Der lange Weg

Der Weg vom Schmerz in den Trost. Von Christa Schyboll

“Scheiden tut weh“, sagt uns ein Sprichwort. Es stimmt in jenen Fällen, wo wir von lieb gewonnenen Menschen oder auch Dingen Abschied nehmen.

Ein schmerzliches Verlustgefühl breitet sich über uns, ob schon der Verlust in diesem Augenblick noch gar nicht eingetreten ist. Beobachtet man diese Empfindung genauer, so stellt sich häufig heraus, dass es noch gar nicht der Verlust ist, sondern die Angst vor dem Verlust, der uns schon im Voraus einen Schmerz verursacht.

Oftmals kommt es aber anders als man denkt. Man verabschiedet sich zwar mit einer gewissen Wehmut und Traurigkeit – und dann schlägt das Leben in seiner ganzen Fülle wieder zu. Wir sind abgelenkt. Häufig müssen wir gar nichts dafür tun, sondern es passiert von ganz alleine. Vor allem natürlich jenen Menschen, die sehr beschäftigt sind, viel um die Ohren haben und schon immer unter Zeitnot litten.
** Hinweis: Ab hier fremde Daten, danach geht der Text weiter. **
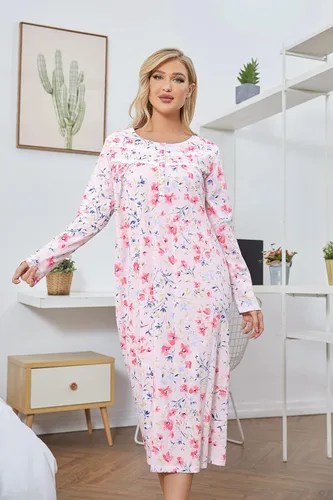 Miniatura 2 de IZZY + TOBY Camisones de algodón de manga larga para mujer, camisón de algodón suave para mujer, camisón largo para dormir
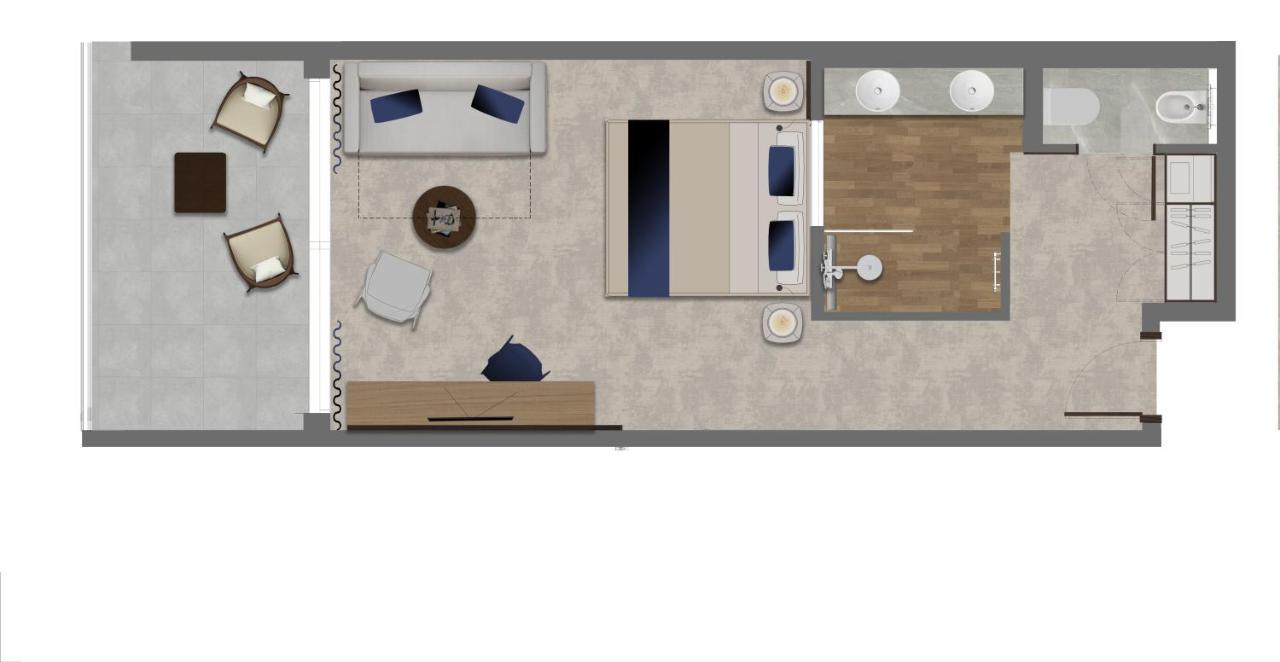 מאלינסקה Luxury Hotel Riva מראה חיצוני תמונה A floorplan of a hotel room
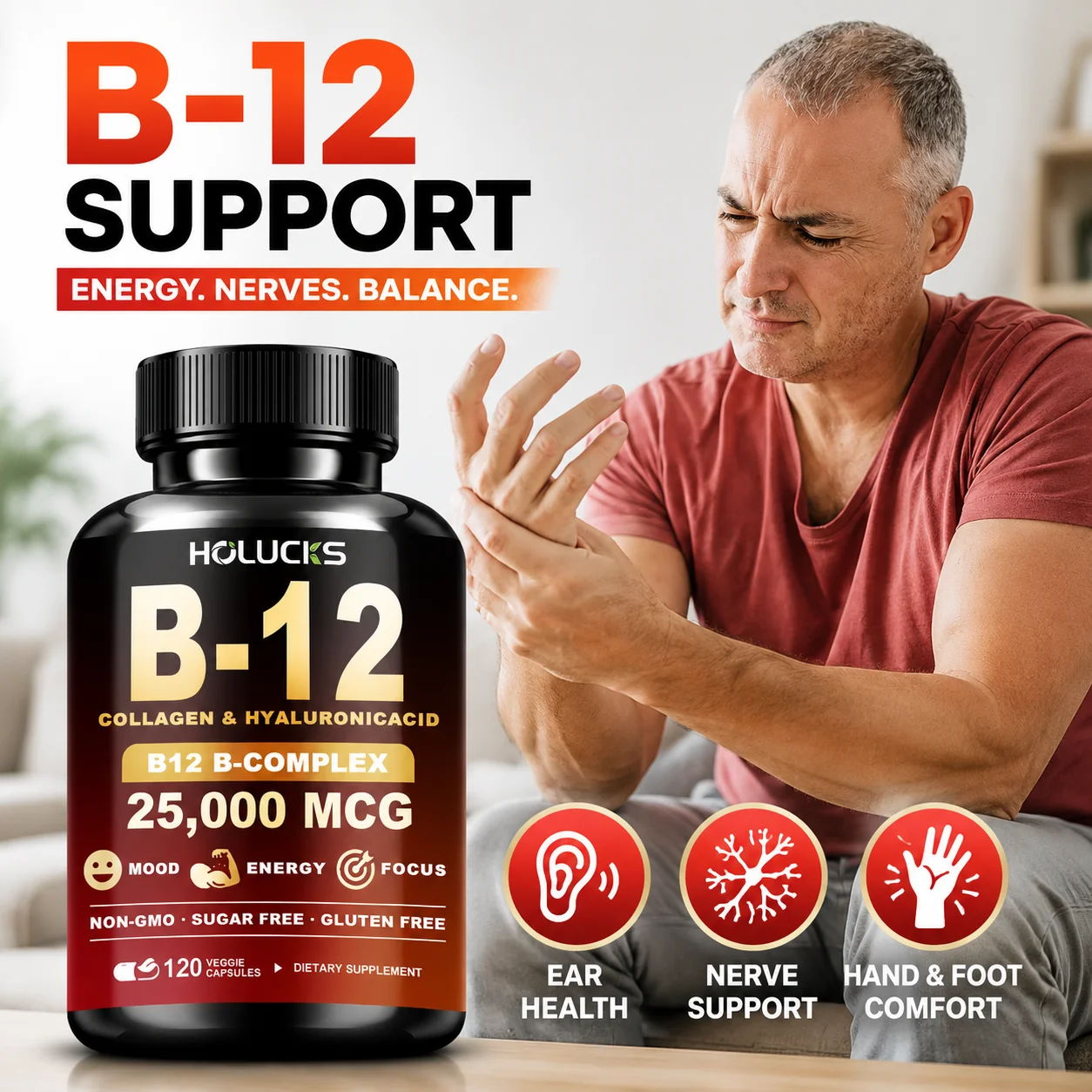 Premium B-Complex B12 Supplement, for Brain & Cogitive Function, Immune & Nervous System Health, Daily Energy, Mood, Focus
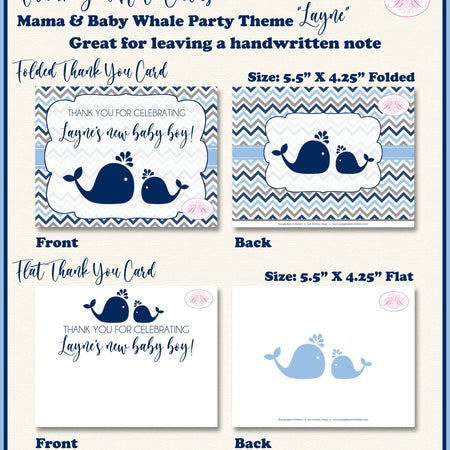 Navy Light Blue Whale Baby Shower Thank You Card Favor Boy Grey Pool Party Swimming Splash Swim Boogie Bear Invitations Layne Theme Printed
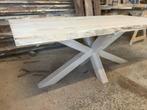eiken boomstam tafel met matrix eiken onderstel, Ophalen, 200 cm of meer, Zo goed als nieuw, Vijf personen of meer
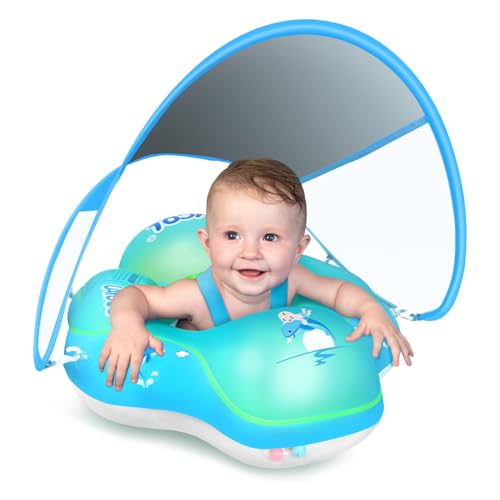 Baby Pool Float No Flip Over, Inflatable Baby Float with Sun Protection Canopy, Baby Swimming Float, Baby Swim Float with Double Air Chambers, Add...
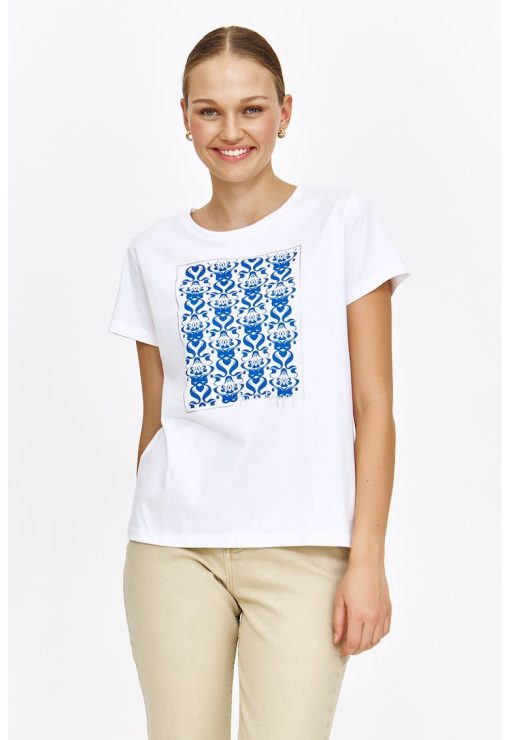 Tricou cu imprimeu grafic-FEMEI/IMBRACAMINTE/Tricouri si maiouri-IMBRACAMINTE/Tricouri si maiouri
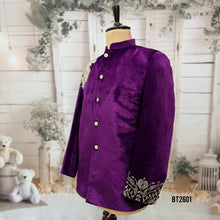 Load image into Gallery viewer, BT2601 - Men’s Royal Purple Velvet Asymmetrical Hand-Embroidered Jodhpuri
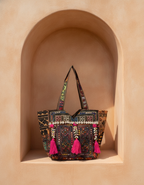 Shell Tassel Handcrafted Tote Bag — Espresso Mosaic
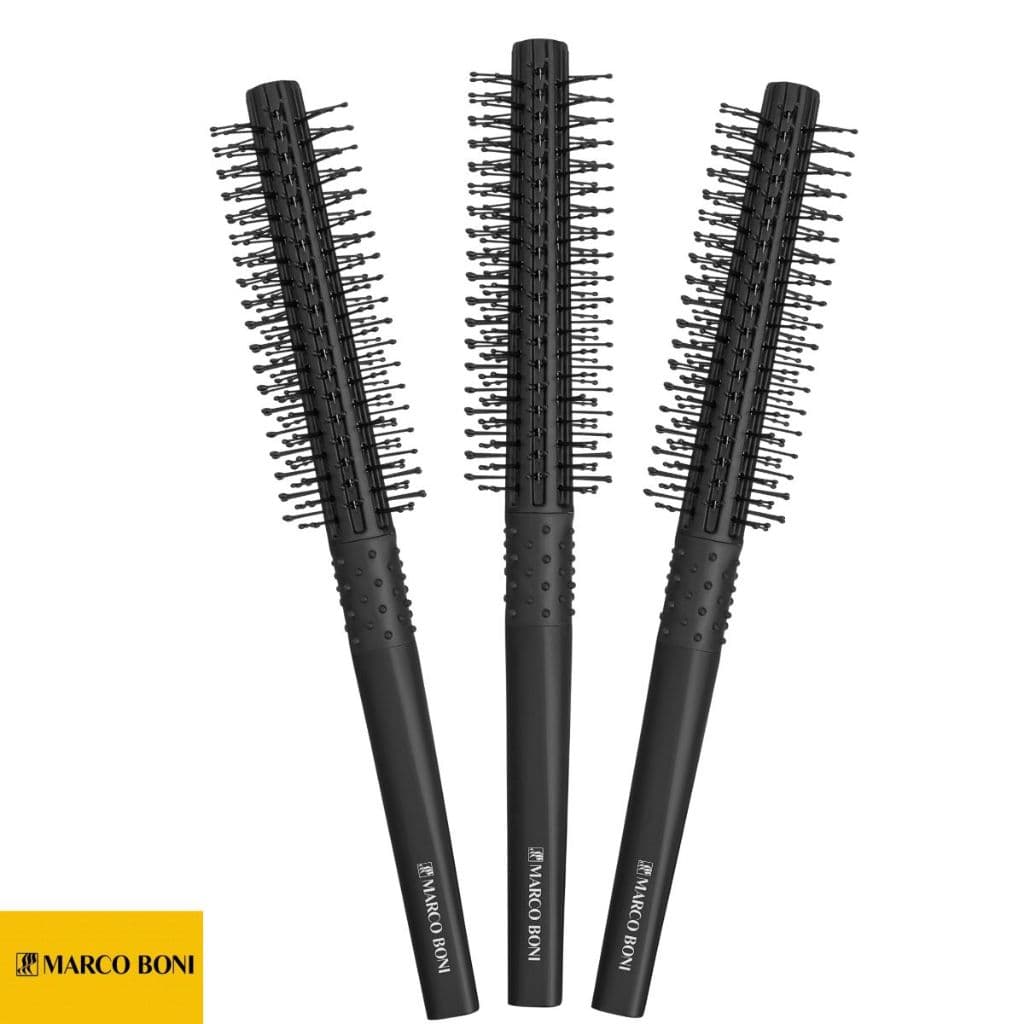 Kit 3 Escova De Cabelo Marco Boni Cilíndrica Com Cerdas em V - Preto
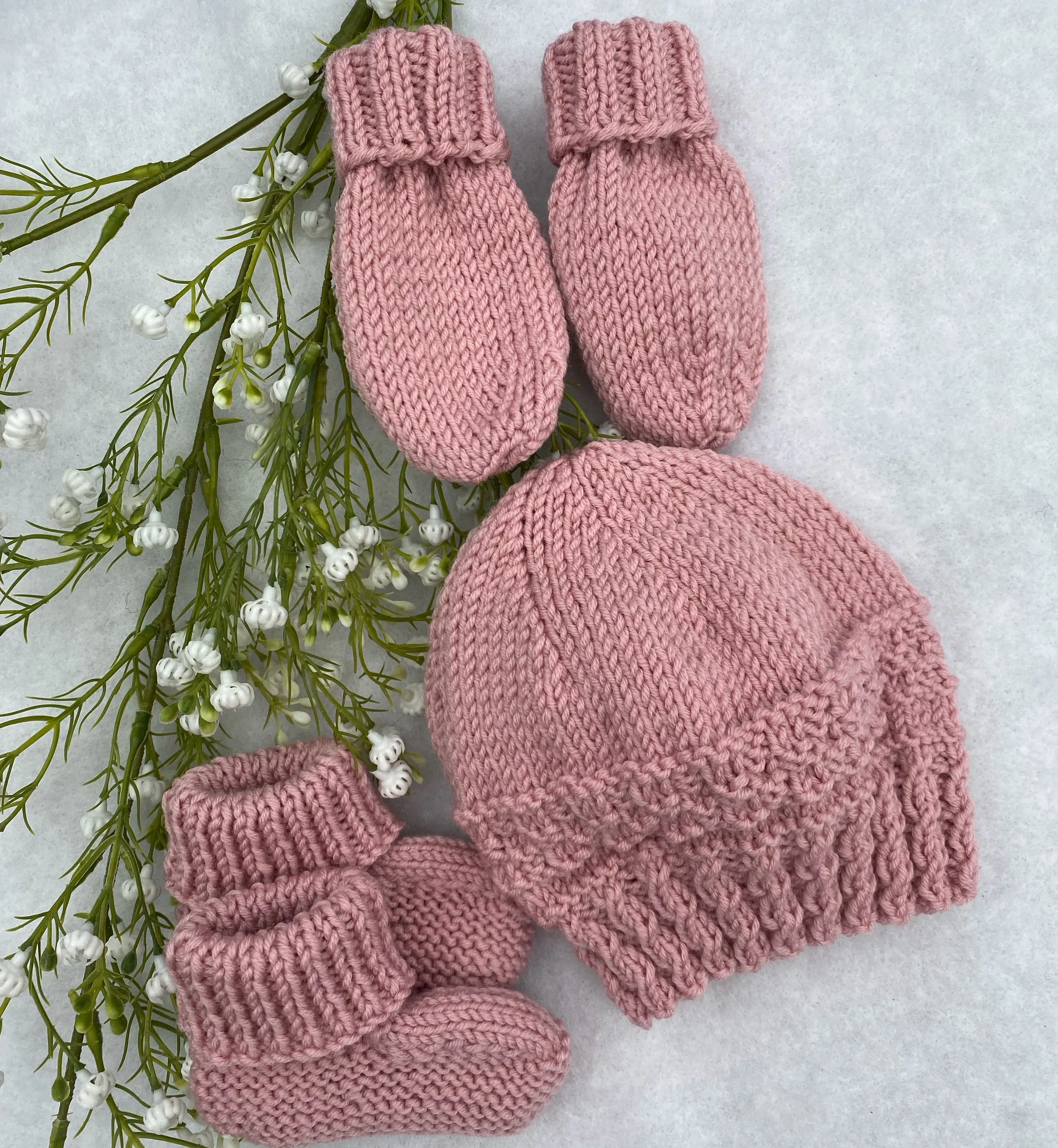 "Maude" merino baby hat, bootie and mitten set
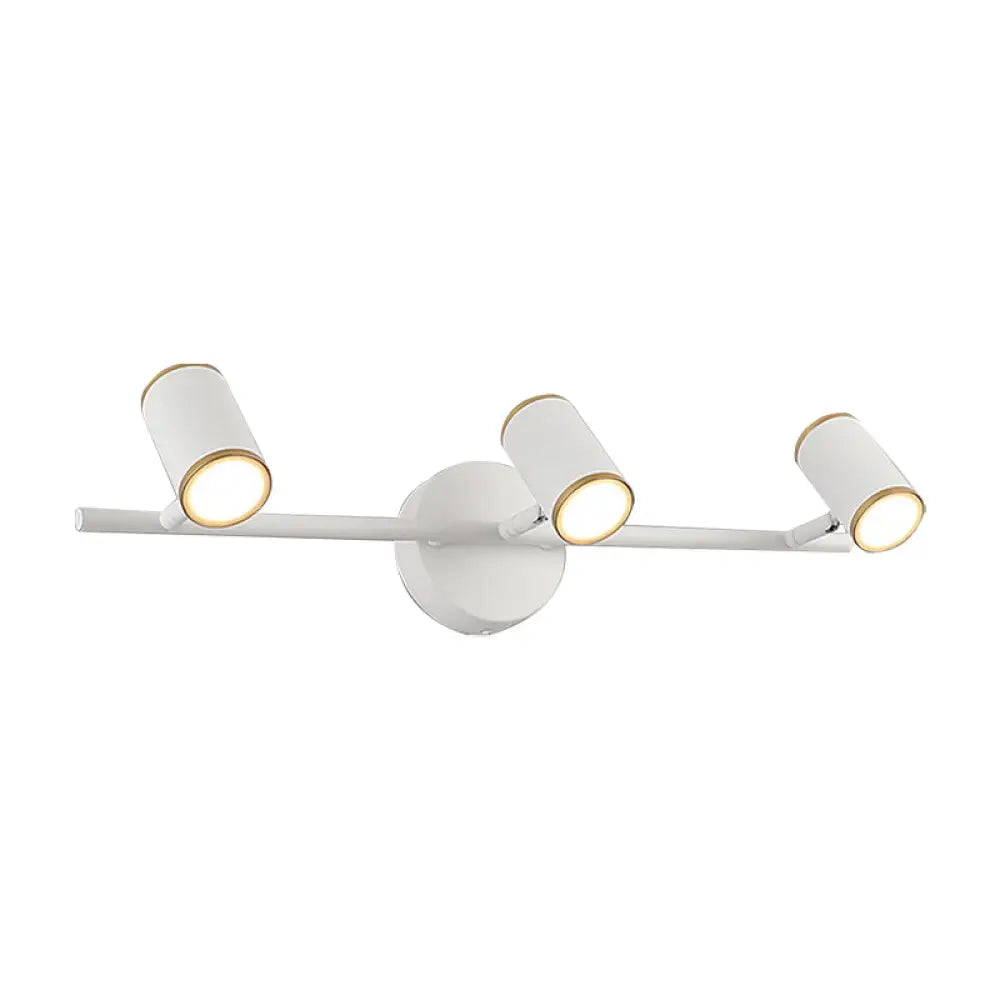 Contemporary Led Metal Wall Vanity Lamp - White/Warm Light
Auch wenn der Abschiedsschmerz im Augenblick des Ade-Sagens ein echter war, hat er zum Glück nicht immer eine längerfristige Kraft über uns – oder schmeisst seine Enterhaken aus, die schwerwiegend in unsere Seele einschlagen und uns noch lange Kummer bereiten. Bei manchen Dingen oder Menschen ist man umgekehrt vielleicht sogar ein wenig darüber erschüttert, dass trotz der heftigen Abschiedsszene der Alltag so dicht und normal weiterläuft.

Das hat Vorteile, weil man nicht durch Schmerzen lange blockiert ist und seine Kraft wieder anderen Dingen zuwenden kann. Aber es zeigt auch etwas über die Natur unserer Gefühle, die sich manchmal schneller verändert, als wir selbst es ahnen oder befürchten.

Bei Eltern, die ihre Kinder verlieren – oder Kinder, die ihre Eltern verlieren oder Partner, die eine außergewöhnliche Symbiose miteinander eingegangen sind oder schon lange leben, erst recht wenn ein solcher Abschied der Tod ist, funktioniert das oben Beschriebene in der Regel nicht. Hier kommt es zumeist zu tiefer Trauer, wenn die Verbindung liebevoll war. Die so genannte “Trauerarbeit“ fordert ihren Tribut und ist als seelische Schwerstarbeit zu verstehen.

Aber selbst im Tod schaffen es so manche Menschen, miteinander verbunden zu bleiben. Ein geheimnisvolles Band zwischen zwei Seelen, das sich jeder Beweisbarkeit entzieht - aber als real gefühlte Wahrheit für den Menschen ein wunderbarer Trost sein kann.